I knew it was coming - tried to feebly bat at the cloud as it surrounded me and even sent Adam a helpless email in warning. But it came and settled. I canceled meetings and avoided others, huddling in bed and waiting for time to pass.

Pass it did and I woke this morning feeling better. The neurochemicals normalized or I moved past some feeling of rejection or sadness or some unknown factor shifted and I felt lighter. I cleaned a little. I walked my dog. I napped because I was tired, not because I needed the break from being painfully conscious. I did some work that seemed impossibly difficult only days ago.

Now I can see again. The internal peace allows me to extend kindness, exhibit patience, slowly allow people back into my life. There's sweet relief and gentle determination to regain ground I lost last week.

But I know the cloud waits. It lingers in the periphery, watching for a moment of weakness - after travel, when the cute boy won't call again, when I'm confused and afraid about the future - and will descend again. And I don't know how to gain additional distance from it - whether to change jobs or stop dating or get a roommate or switch medication.

It's that awful point when I don't feel like dwelling on it while I'm well and I can't handle dealing with it when I'm sick.

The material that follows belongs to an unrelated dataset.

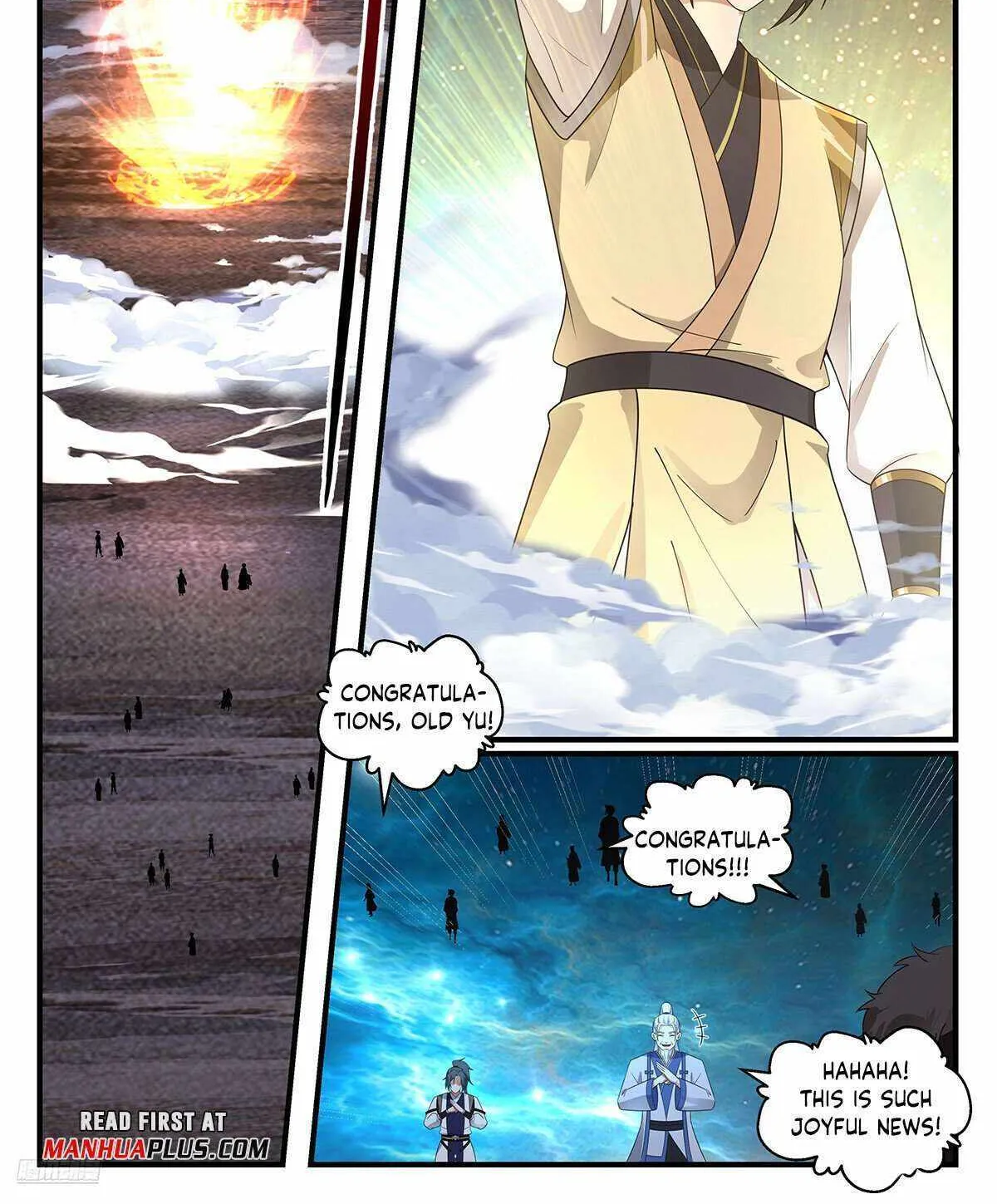 Martial Peak Zinmanga X Chapter 3668 Page 2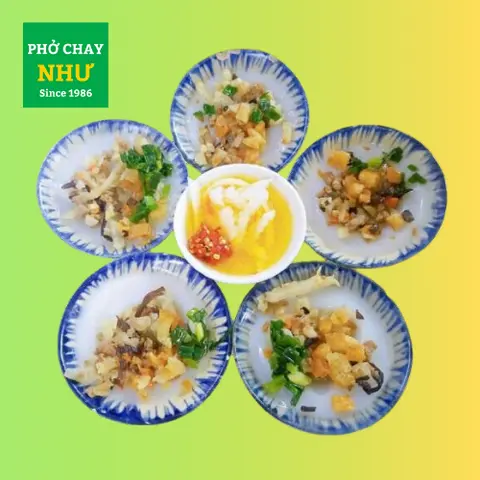 Hình ảnh Bánh Bèo Chén - Vegan Steamed Rice Cakes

So what the hell do I do?

Wednesday, January 26, 2011

Descent & Smudges

"Oh, please, no," I begged silently as the plane descended. "Turn around. Go back. I don't want to be here."

And I winced at the knowledge that something is wrong. I have no great affection for flying and a surfeit of love for my home so my reaction ran counter to expectations. I had forced myself to travel, abandoning a list of excuses that are becoming well-worn and packing my bags before dawn on Monday.

Just do the next thing - focus one step ahead and no farther, I advised myself gently. You can do this. And I did. I zipped my bags and dressed. Walked the dog and shouted when she slipped from her leash and ran away to punish me for said packing and dressing. She came home and I departed, driving to the airport with prayers that I'd actually get on the plane. I pulled my boarding pass from my bag and waited in the security line. I removed then replaced my laptop and baggie of tiny liquids as I shuffled through the line as the sky brightened by remained gray.

I bought water and checked email messages on my Blackberry. I boarded, cheered momentarily by my Zone 1 status, and sighed with relief that I was going to my Very Important Meeting. And I handled each moment the same way - just move through the next task, move to the next step and try not to think about it.

I could feel the effort sapping my strength, collapsing into mental exhaustion at the end of each day. I breathed and prayed and tried to focus on the positive. I worked and watched television and embraced distractions. I grinned when I talked to my friend staying with Chienne and decided on what gifts I could bring her as a thank you. There were moments where it didn't hurt - when a glimmer of happiness or hope would emerge and sparkle.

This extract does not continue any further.